### WORK ORDER
The line containing "Dark-haired, sinister, masterful" marks the start; please restate exactly that line and only the lines following it through the end of the material below.
Start of Block
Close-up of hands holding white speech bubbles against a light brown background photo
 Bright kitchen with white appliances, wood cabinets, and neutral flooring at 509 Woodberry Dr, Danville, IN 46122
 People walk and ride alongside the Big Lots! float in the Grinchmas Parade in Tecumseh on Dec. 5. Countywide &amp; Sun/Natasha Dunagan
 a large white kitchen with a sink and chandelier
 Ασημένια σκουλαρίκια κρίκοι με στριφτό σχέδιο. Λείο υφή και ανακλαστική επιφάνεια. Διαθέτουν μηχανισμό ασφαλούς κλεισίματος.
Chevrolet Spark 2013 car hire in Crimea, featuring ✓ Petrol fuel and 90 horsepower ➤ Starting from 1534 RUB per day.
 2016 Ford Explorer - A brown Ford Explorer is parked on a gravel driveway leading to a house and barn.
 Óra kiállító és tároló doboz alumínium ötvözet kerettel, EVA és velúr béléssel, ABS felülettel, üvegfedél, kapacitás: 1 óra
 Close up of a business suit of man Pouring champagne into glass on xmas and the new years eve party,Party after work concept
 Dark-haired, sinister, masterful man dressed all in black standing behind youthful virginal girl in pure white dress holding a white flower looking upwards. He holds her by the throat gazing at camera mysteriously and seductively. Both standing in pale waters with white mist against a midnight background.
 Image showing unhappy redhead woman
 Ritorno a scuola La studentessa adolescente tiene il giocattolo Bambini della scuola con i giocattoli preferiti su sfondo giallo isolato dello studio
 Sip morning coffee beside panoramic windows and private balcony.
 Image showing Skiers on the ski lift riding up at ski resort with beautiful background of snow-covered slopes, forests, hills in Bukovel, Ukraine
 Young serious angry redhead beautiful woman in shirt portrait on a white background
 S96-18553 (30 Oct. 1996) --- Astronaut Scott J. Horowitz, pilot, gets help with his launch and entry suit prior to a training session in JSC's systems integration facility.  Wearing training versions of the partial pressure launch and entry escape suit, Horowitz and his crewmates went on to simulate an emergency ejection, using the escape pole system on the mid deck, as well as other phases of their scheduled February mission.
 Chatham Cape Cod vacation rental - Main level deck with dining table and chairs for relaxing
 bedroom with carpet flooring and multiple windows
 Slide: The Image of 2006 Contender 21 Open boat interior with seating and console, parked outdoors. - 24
End of Block
### WRITTEN RESPONSE
 Dark-haired, sinister, masterful man dressed all in black standing behind youthful virginal girl in pure white dress holding a white flower looking upwards. He holds her by the throat gazing at camera mysteriously and seductively. Both standing in pale waters with white mist against a midnight background.
 Image showing unhappy redhead woman
 Ritorno a scuola La studentessa adolescente tiene il giocattolo Bambini della scuola con i giocattoli preferiti su sfondo giallo isolato dello studio
 Sip morning coffee beside panoramic windows and private balcony.
 Image showing Skiers on the ski lift riding up at ski resort with beautiful background of snow-covered slopes, forests, hills in Bukovel, Ukraine
 Young serious angry redhead beautiful woman in shirt portrait on a white background
 S96-18553 (30 Oct. 1996) --- Astronaut Scott J. Horowitz, pilot, gets help with his launch and entry suit prior to a training session in JSC's systems integration facility.  Wearing training versions of the partial pressure launch and entry escape suit, Horowitz and his crewmates went on to simulate an emergency ejection, using the escape pole system on the mid deck, as well as other phases of their scheduled February mission.
 Chatham Cape Cod vacation rental - Main level deck with dining table and chairs for relaxing
 bedroom with carpet flooring and multiple windows
 Slide: The Image of 2006 Contender 21 Open boat interior with seating and console, parked outdoors. - 24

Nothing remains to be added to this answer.